[TASK BRIEF]:
Please reproduce all the data exactly as written and omit the pictures.

[RECORDED INFORMATION]:
------------------------

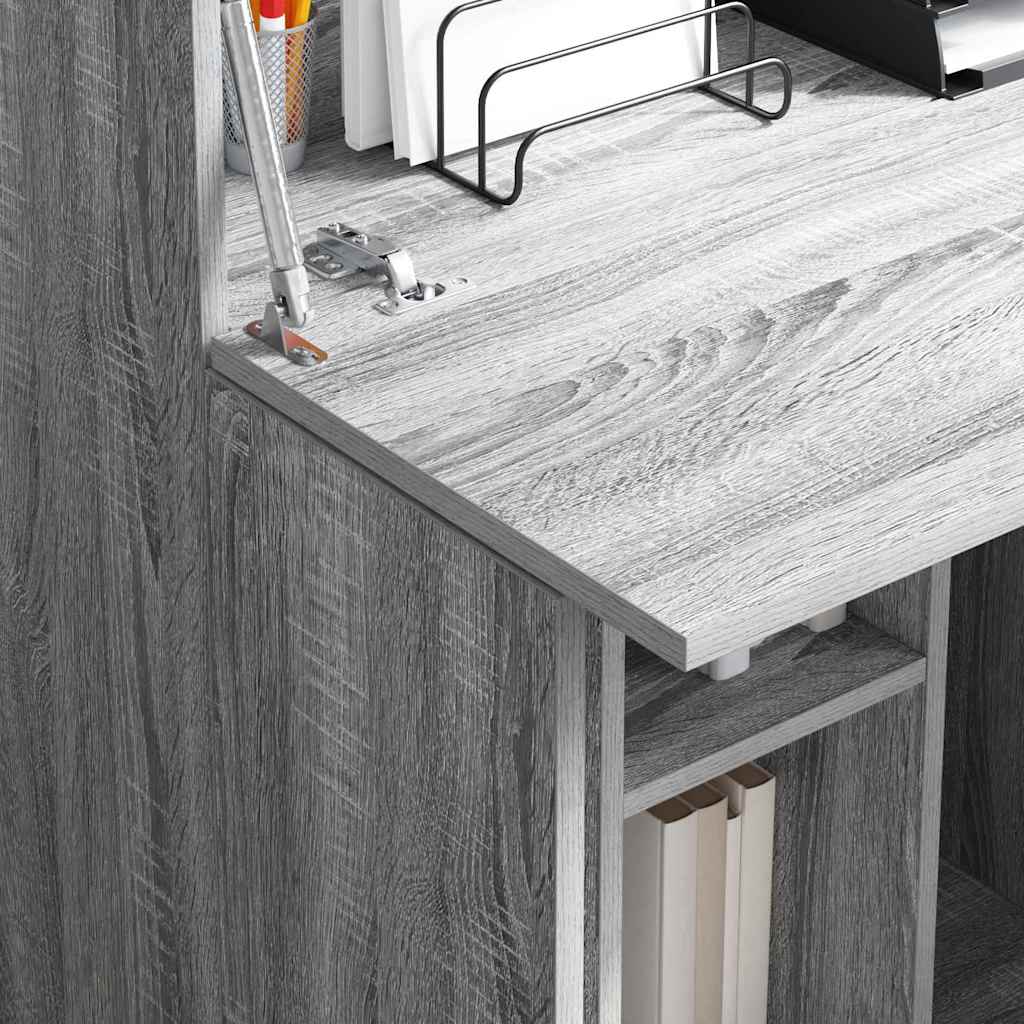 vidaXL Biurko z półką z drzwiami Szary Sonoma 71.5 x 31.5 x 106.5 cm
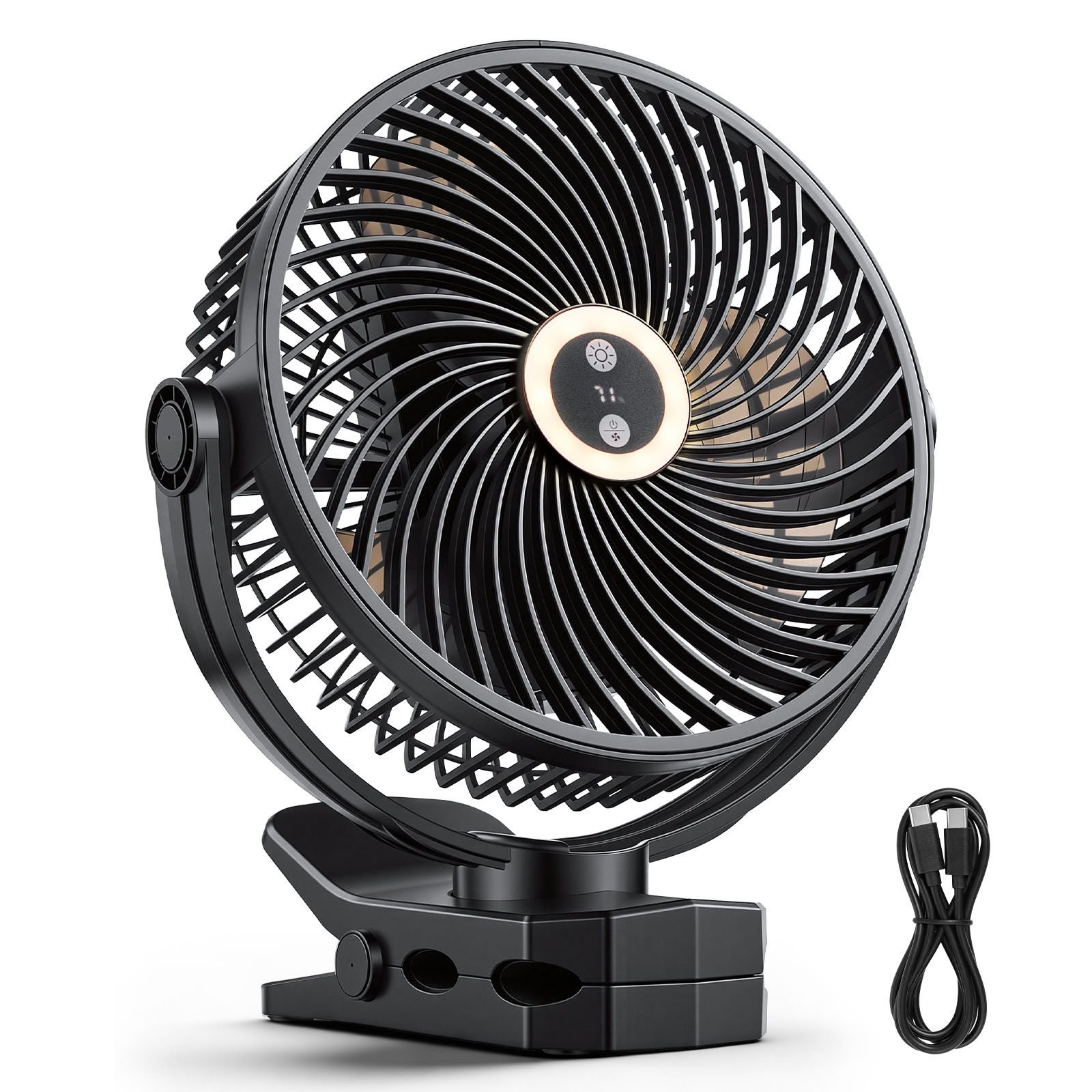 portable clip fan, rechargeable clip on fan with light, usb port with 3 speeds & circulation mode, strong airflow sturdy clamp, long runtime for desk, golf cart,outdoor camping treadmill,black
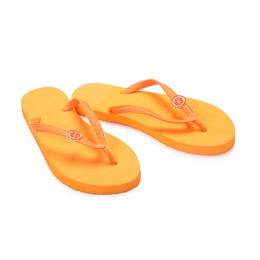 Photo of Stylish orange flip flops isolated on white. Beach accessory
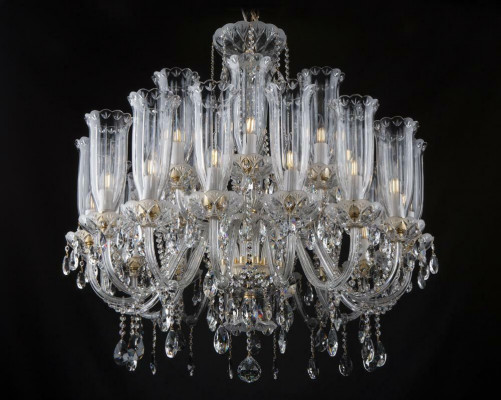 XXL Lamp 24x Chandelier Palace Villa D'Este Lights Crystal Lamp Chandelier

------------------------

[TASK RESULT]:
 vidaXL Biurko z półką z drzwiami Szary Sonoma 71.5 x 31.5 x 106.5 cm
 portable clip fan, rechargeable clip on fan with light, usb port with 3 speeds & circulation mode, strong airflow sturdy clamp, long runtime for desk, golf cart,outdoor camping treadmill,black
 Photo of Stylish orange flip flops isolated on white. Beach accessory
 XXL Lamp 24x Chandelier Palace Villa D'Este Lights Crystal Lamp Chandelier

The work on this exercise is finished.